▶ **RECORDED INFORMATION**
*** Block opens ***

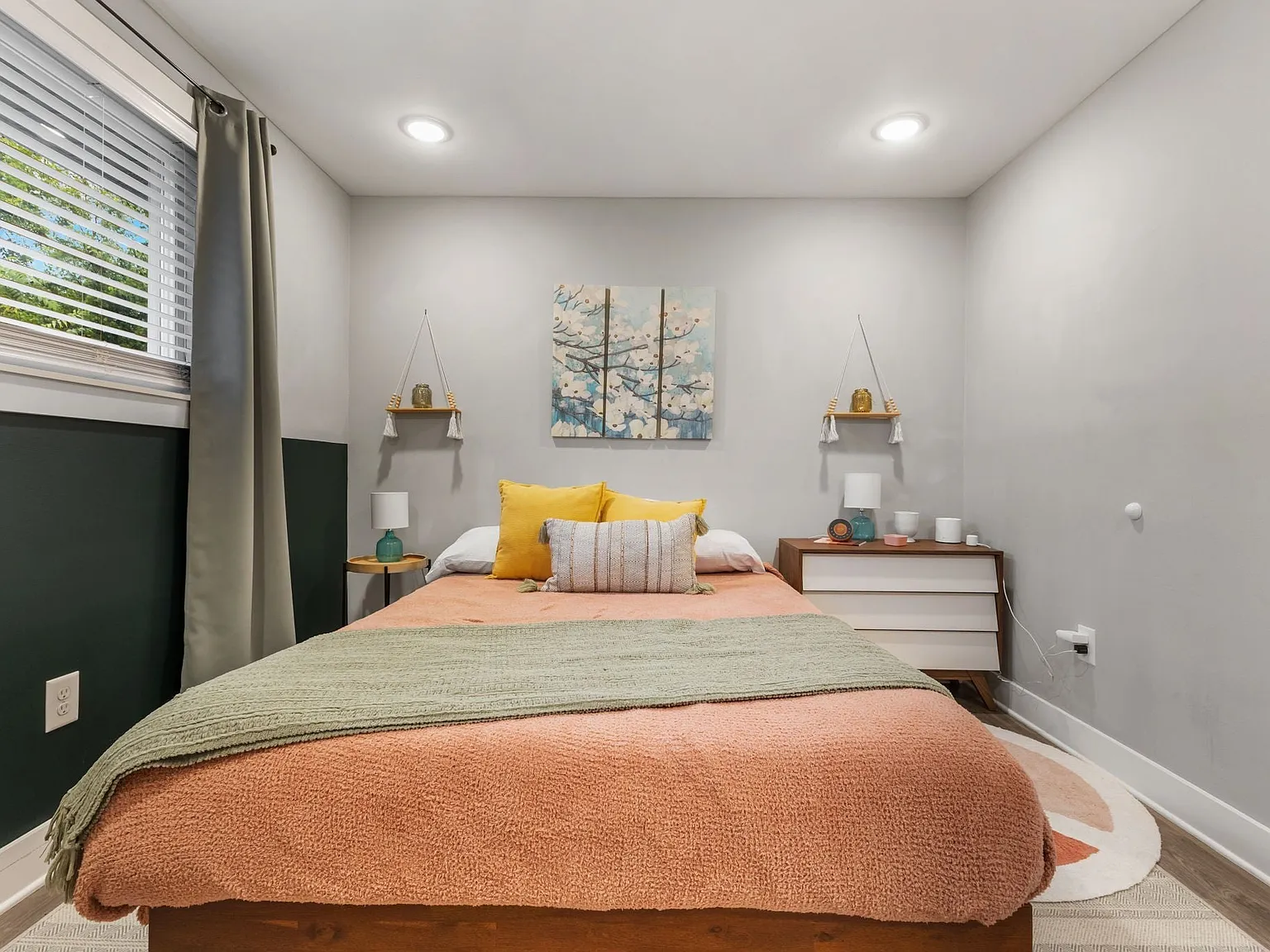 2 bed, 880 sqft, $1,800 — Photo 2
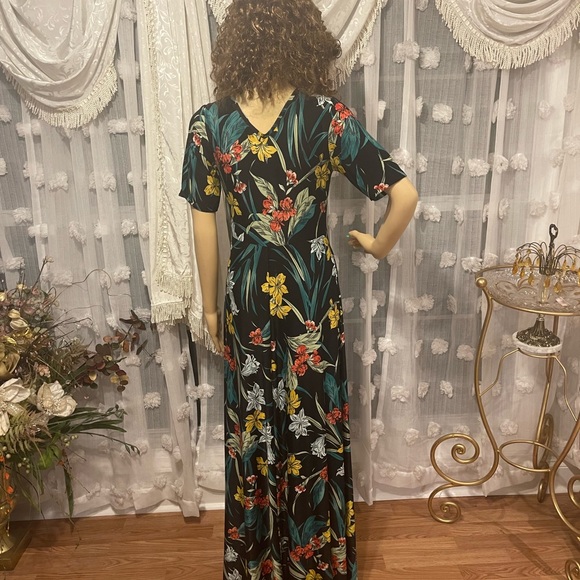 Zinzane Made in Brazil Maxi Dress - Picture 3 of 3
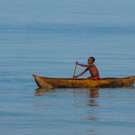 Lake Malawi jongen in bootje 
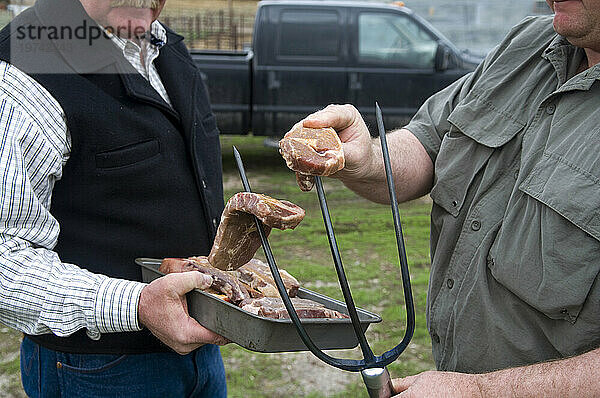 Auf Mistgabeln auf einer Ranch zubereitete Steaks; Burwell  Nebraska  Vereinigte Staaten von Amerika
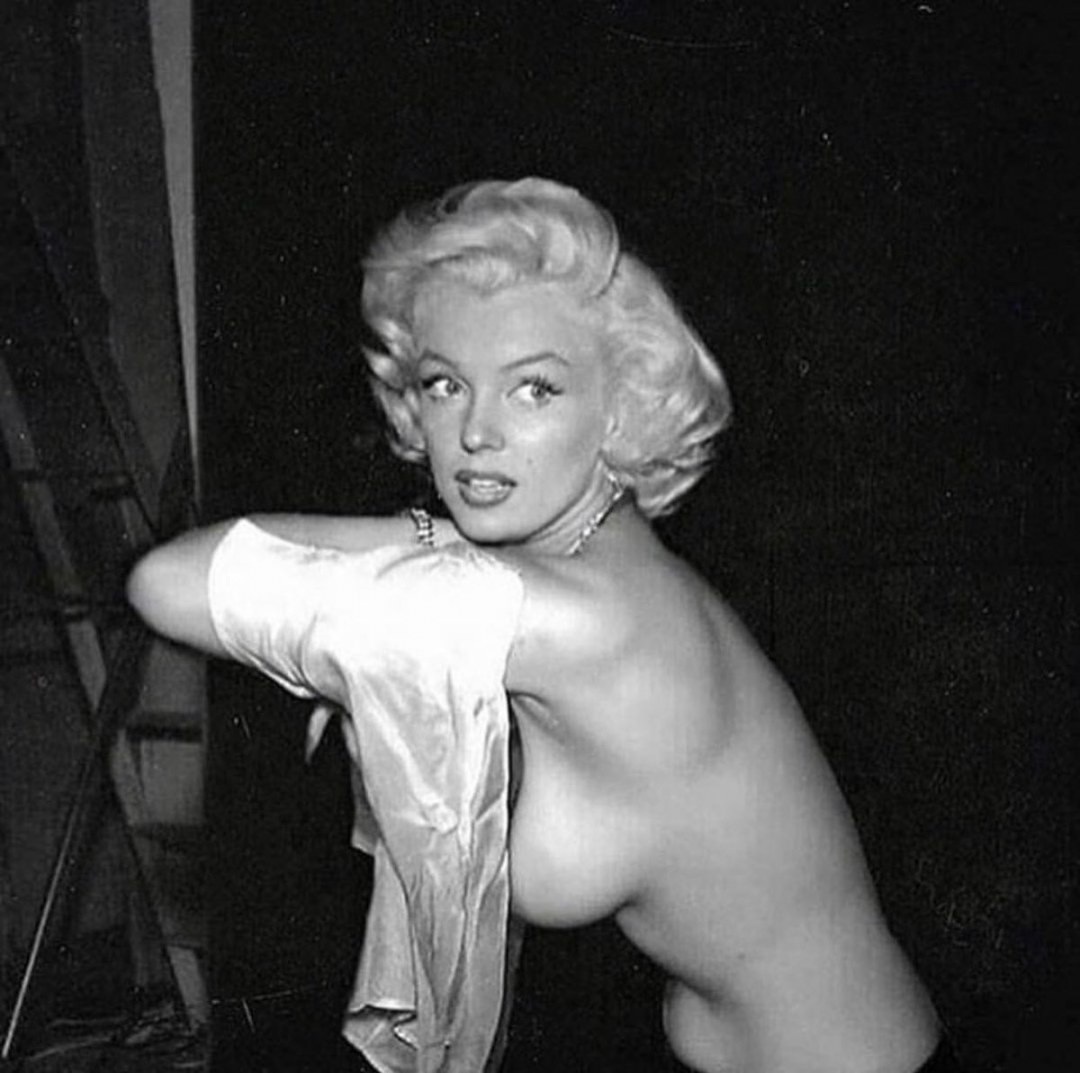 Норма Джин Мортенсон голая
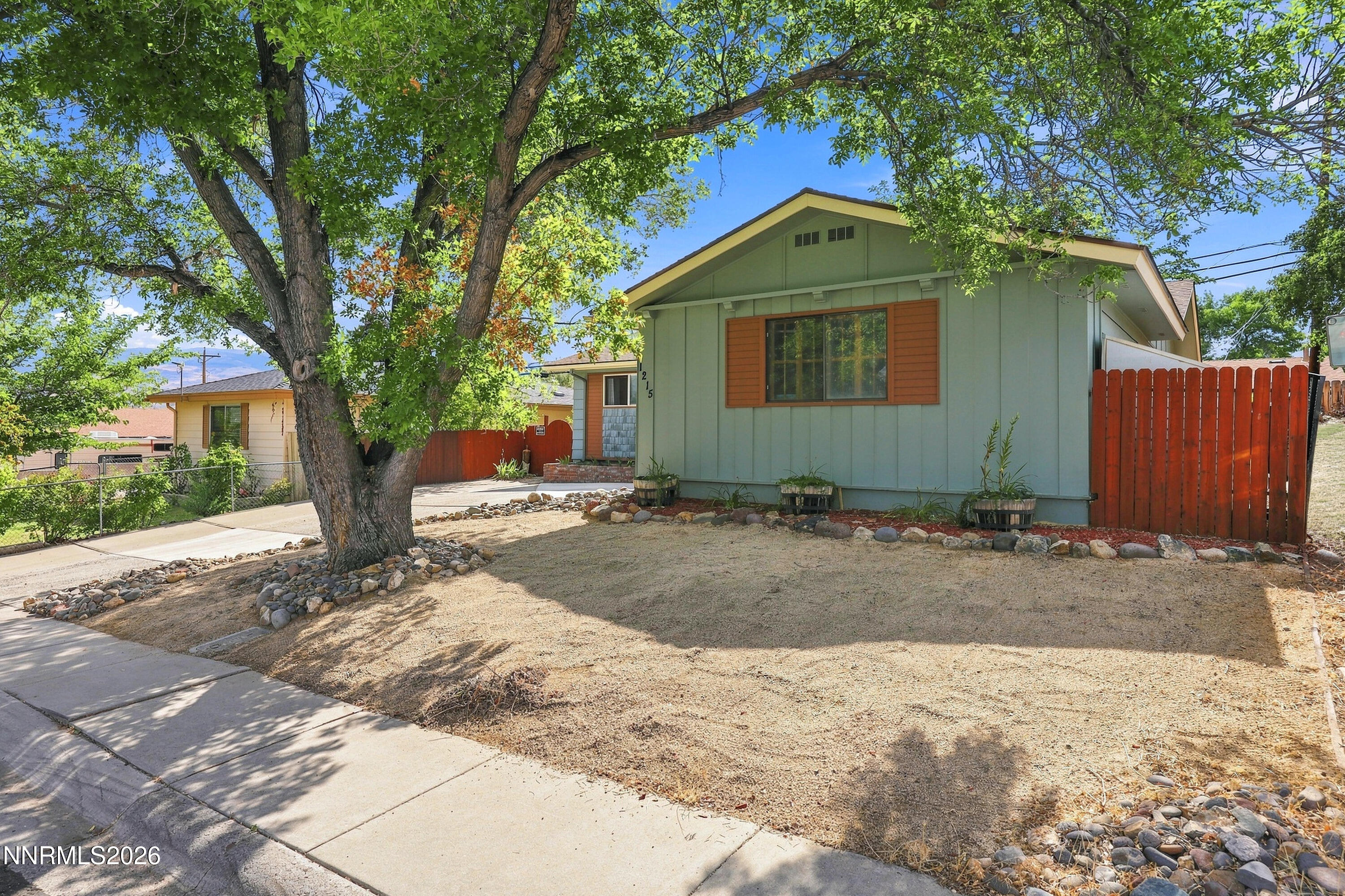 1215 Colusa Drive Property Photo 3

*** Block closes ***
*** Block opens ***

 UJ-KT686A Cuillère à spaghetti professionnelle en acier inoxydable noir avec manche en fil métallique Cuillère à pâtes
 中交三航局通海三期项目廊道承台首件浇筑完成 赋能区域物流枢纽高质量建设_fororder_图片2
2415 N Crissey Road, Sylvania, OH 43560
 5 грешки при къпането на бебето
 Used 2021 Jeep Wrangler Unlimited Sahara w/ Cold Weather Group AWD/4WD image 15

*** Block closes ***

▶ **EXERCISE**
Exactly the lines starting at the one above with "Lake Malawi jongen in bootje" and ending at the one with "1215 Colusa Drive Property Photo 3" should be printed, and nothing else. Omit the pictures.

▶ **EXERCISE ANSWER**
 Lake Malawi jongen in bootje 
 Auf Mistgabeln auf einer Ranch zubereitete Steaks; Burwell  Nebraska  Vereinigte Staaten von Amerika
 Норма Джин Мортенсон голая
 1215 Colusa Drive Property Photo 3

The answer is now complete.